California Assembly Passes Marijuana "Sanctuary" Bill. The Assembly has approved Assembly Bill 1578, which would prohibit state resources from being used to help enforce federal marijuana laws that conflict with state law. The bill from Assemblyman Reggie Jones-Sawyer (D-Los Angeles) now goes to the state Senate.

Connecticut Legalization Measure Still Stalled. The last-ditch effort to get legalization passed through the budget process broke down early Monday just minutes before a press conference announcing a compromise was to be announced. Rep. Melissa Ziobron (R-East Haddam) complained that she didn't see a copy of the legalization amendment until just minutes earlier, when she learned that Rep. Josh Elliot (D-Hamden) and other Democrats had been crafting the measure since last Friday. "This isn't about headlines.

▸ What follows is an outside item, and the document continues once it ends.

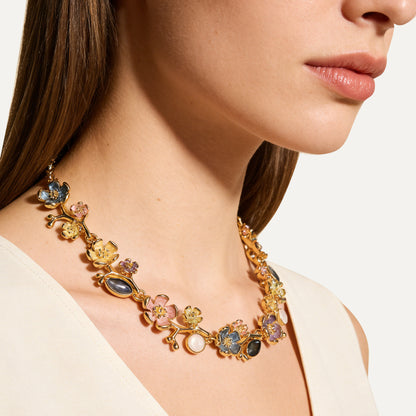 Collana Fiori Smaltati con Pietre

This isn't about a news conference," Ziobron said. "This is about what's good for the state of Connecticut, and doing it last-minute, doing it in a way that is not bipartisan, is very worrisome and should be for every single person in this state."

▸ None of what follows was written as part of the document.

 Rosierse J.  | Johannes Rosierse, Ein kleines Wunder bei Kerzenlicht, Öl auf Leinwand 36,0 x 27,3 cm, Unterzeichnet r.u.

Nevada Republicans Kill Governor's Pot Tax Bill. A bill supported by Gov. Brian Sandoval (R) that would have imposed a 10% tax on recreational marijuana sales has been defeated in the Senate after Republicans refused to support it because of unrelated budget issues. The vote was 12-9 in favor, but because it was a budget bill, it needed a two-thirds majority, or 14 votes, to pass.

Medical Marijuana

Florida Governor Uses Line-Item Veto to Kill Medical Marijuana Research Projects. Gov. Rick Scott (R) used his line-item veto power to kill three line items that would have provided more than $3 million dollars to the Moffitt Cancer Center and the University of Florida for medical marijuana research. In his veto message, Scott wrote that the institutions had plenty of money to fund the research on their own.

Asset Forfeiture

Supreme Court Restricts Asset Forfeiture in Drug Cases. In a decision handed down Monday, the US Supreme Court has moved to restrict prosecutorial efforts to seize money or goods from drug defendants. In Honeycutt v. US, brothers Terry and Tony Honeycutt were convicted of selling methamphetamine precursor chemicals, and the feds then swooped in to seize $200,000 of the estimated $270,000 profits from the sales. But they then sought to seize the remaining $70,000 from Terry Honeycutt, who was only an employee at his brother's hardware store, and that crossed a line, the court said. "Congress did not authorize the government to confiscate substitute property from other defendants or coconspirators," Sotomayor said. "It authorized the government to confiscate assets only from the defendant who initially acquired the property and who bears responsibility for its dissipation."

Drug Testing

Supreme Court Refuses to Hear Appeal from Missouri Tech College That Wanted to Drug Test All Students. The US Supreme Court on Monday declined to hear an appeal from the State Technical College of Missouri of an appeals court ruling that its mandatory drug testing policy is unconstitutional when applied to all students. Lower courts had upheld mandatory suspicionless drug testing of only a handful of the school's disciplines where safety was a key element. "This case establishes -- once and for all -- that under the Fourth Amendment, every person has the right to be free from an unreasonable search and seizure, including college students," the ACLU, which filed the class-action lawsuit in 2011, said in a statement Monday.

Harm Reduction

California Assembly Passes Supervised Injection Sites Bill. The Assembly last Thursday approved Assembly Bill 186, which would allow for the provision of supervised drug consumption sites. The pioneering harm reduction measure sponsored by Assemblywoman Susan Talamantes Eggman (D-Stockton) now moves to the state Senate. "California is blazing a new trail toward a policy on drug addiction and abuse that treats it as the medical issue and public health challenge that it is, and not as a moral failing," said Talamantes Eggman. "We are in the midst of an epidemic, and this bill will grant us another tool to fight it -- to provide better access to services like treatment and counseling, to better protect public health and safety, and to save lives."